Efficient Stepping Algorithms and Implementations for Parallel Shortest Paths

In this paper, we study the single-source shortest-path (SSSP) problem with positive edge weights, which is a notoriously hard problem in the parallel context. In practice, the $\Delta$-stepping algorithm proposed by Meyer and Sanders has been widely adopted. However, $\Delta$-stepping has no known worst-case bounds for general graphs. The performance of $\Delta$-stepping also highly relies on the parameter $\Delta$. There have also been lots of algorithms with theoretical bounds, such as Radius-stepping, but they either have no implementations available or are much slower than $\Delta$-stepping in practice. We propose a stepping algorithm framework that generalizes existing algorithms such as $\Delta$-stepping and Radius-stepping. The framework allows for similar analysis and implementations of all stepping algorithms. We also propose a new ADT, lazy-batched priority queue (LaB-PQ), that abstracts the semantics of the priority queue needed by the stepping algorithms.
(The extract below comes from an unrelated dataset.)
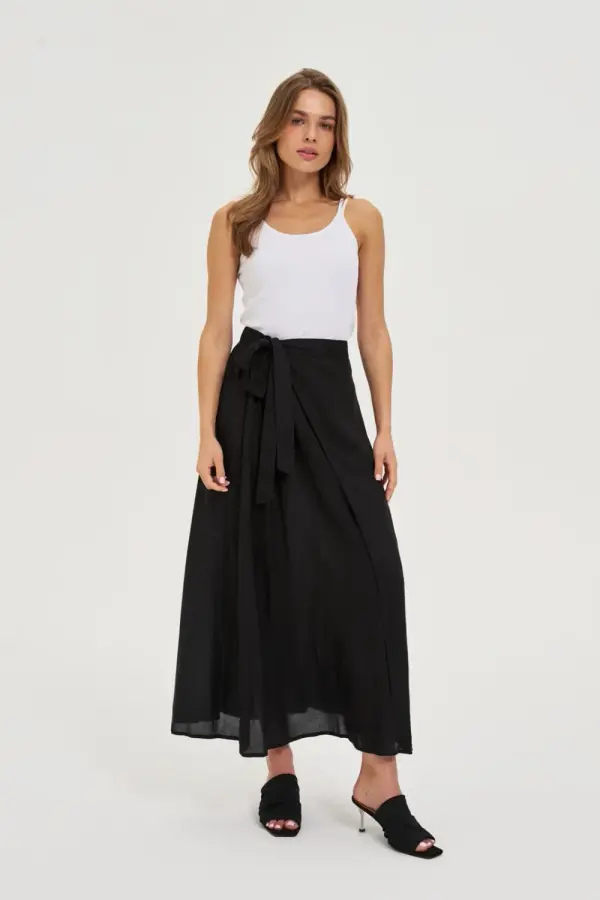 Marisse Marisse Viscose Midi Skirt Black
We provide two data structures for LaB-PQ, focusing on theoretical and practical efficiency, respectively. Based on the new framework and LaB-PQ, we show two new stepping algorithms, $\rho$-stepping and $\Delta^*$-stepping, that are simple, with non-trivial worst-case bounds, and fast in practice. The stepping algorithm framework also provides almost identical implementations for three algorithms: Bellman-Ford, $\Delta^*$-stepping, and $\rho$-stepping. We compare our code with four state-of-the-art implementations. On five social and web graphs, $\rho$-stepping is 1.3--2.5x faster than all the existing implementations. On two road graphs, our $\Delta^*$-stepping is at least 14\% faster than existing implementations, while $\rho$-stepping is also competitive. The almost identical implementations for stepping algorithms also allow for in-depth analyses and comparisons among the stepping algorithms in practice.